What is needed is an exact copy of every line from the one containing "this 709×532 image." through the end of the entries; please set it down without any pictures.

___ MATERIAL SUPPLIED

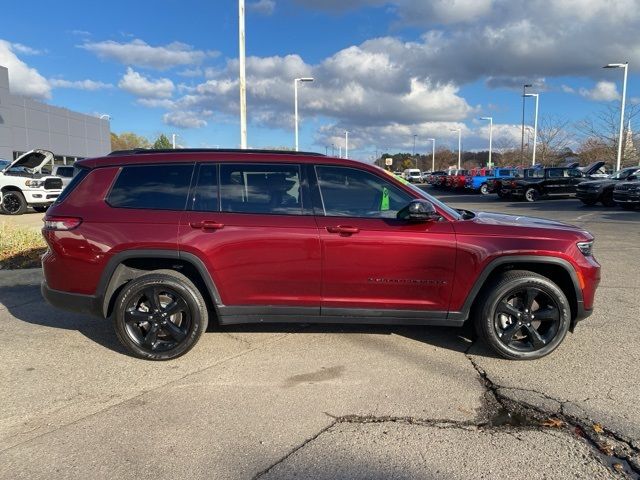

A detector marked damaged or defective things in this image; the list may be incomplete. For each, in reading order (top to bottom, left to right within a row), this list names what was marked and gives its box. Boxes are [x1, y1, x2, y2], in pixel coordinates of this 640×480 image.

cracked asphalt [0, 196, 636, 480]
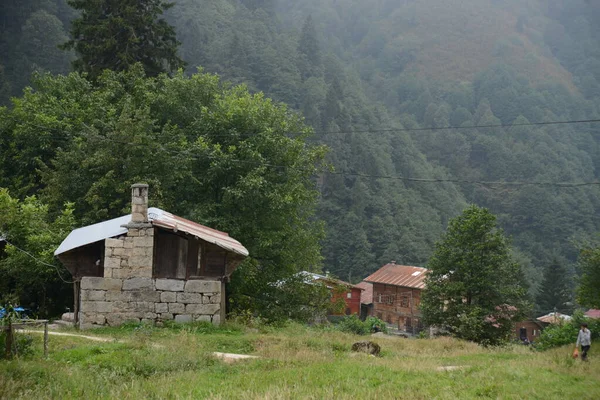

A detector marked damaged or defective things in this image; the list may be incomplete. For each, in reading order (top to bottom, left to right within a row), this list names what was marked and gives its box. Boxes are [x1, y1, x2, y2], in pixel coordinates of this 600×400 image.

rusty orange roof [364, 264, 428, 290]
rusty orange roof [354, 282, 372, 304]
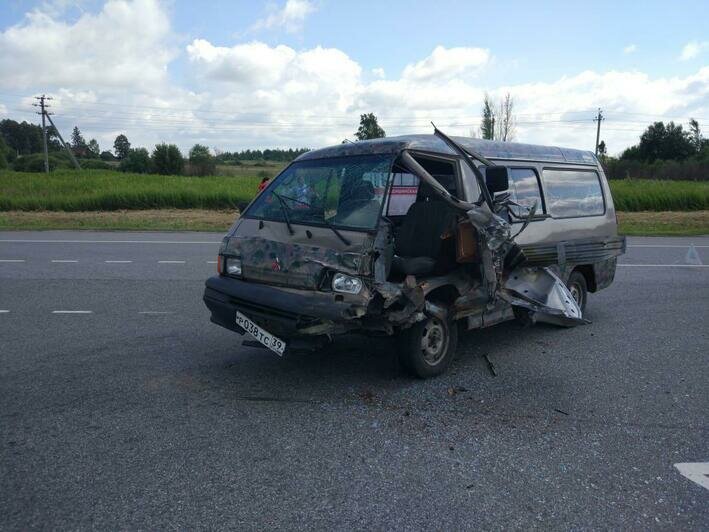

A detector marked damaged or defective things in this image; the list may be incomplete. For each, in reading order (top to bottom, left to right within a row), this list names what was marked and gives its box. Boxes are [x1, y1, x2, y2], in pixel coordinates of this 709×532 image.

shattered windshield [246, 153, 392, 230]
damaged minivan [202, 129, 624, 376]
torn metal sheet [498, 268, 588, 326]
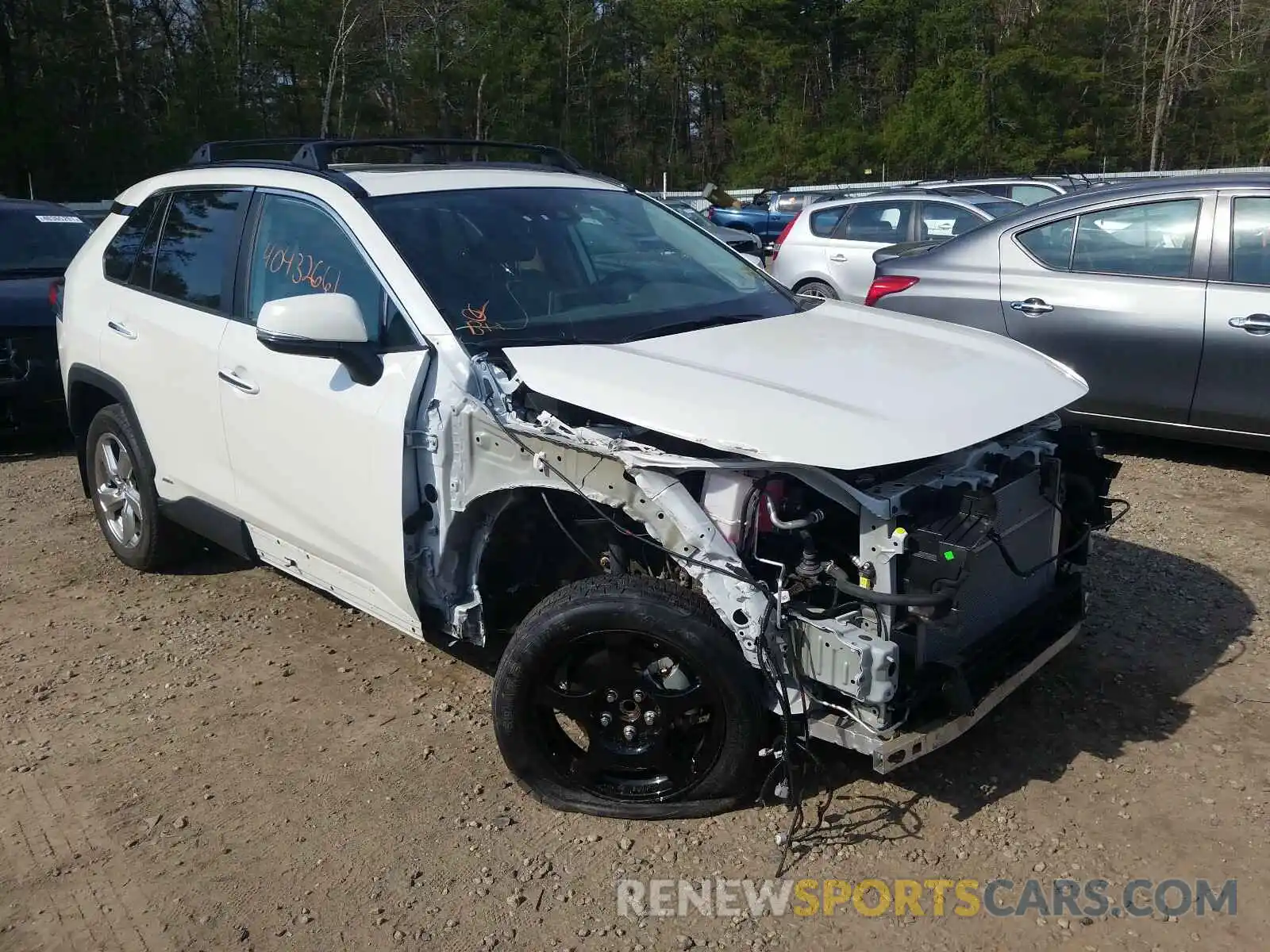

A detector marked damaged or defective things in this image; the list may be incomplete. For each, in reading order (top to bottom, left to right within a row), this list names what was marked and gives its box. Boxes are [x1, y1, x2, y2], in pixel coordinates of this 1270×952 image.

white damaged suv [57, 140, 1122, 822]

______

• [FINAL ANSWER]
A detector marked damaged or defective things in this image; the list may be incomplete. For each, in reading order (top to bottom, left to right within a row), this list names what was marked and gives its box. Boxes are [x1, y1, x2, y2], in pixel coordinates of this 709×532 image.

shattered windshield [246, 153, 392, 230]
damaged minivan [202, 129, 624, 376]
torn metal sheet [498, 268, 588, 326]

A detector marked damaged or defective things in this image; the list may be incomplete. For each, in reading order (top to bottom, left to right within a row), this list names what was marked and gives its box. Boxes are [x1, y1, x2, y2], in pixel coordinates of this 1270×952 image.

white damaged suv [57, 140, 1122, 822]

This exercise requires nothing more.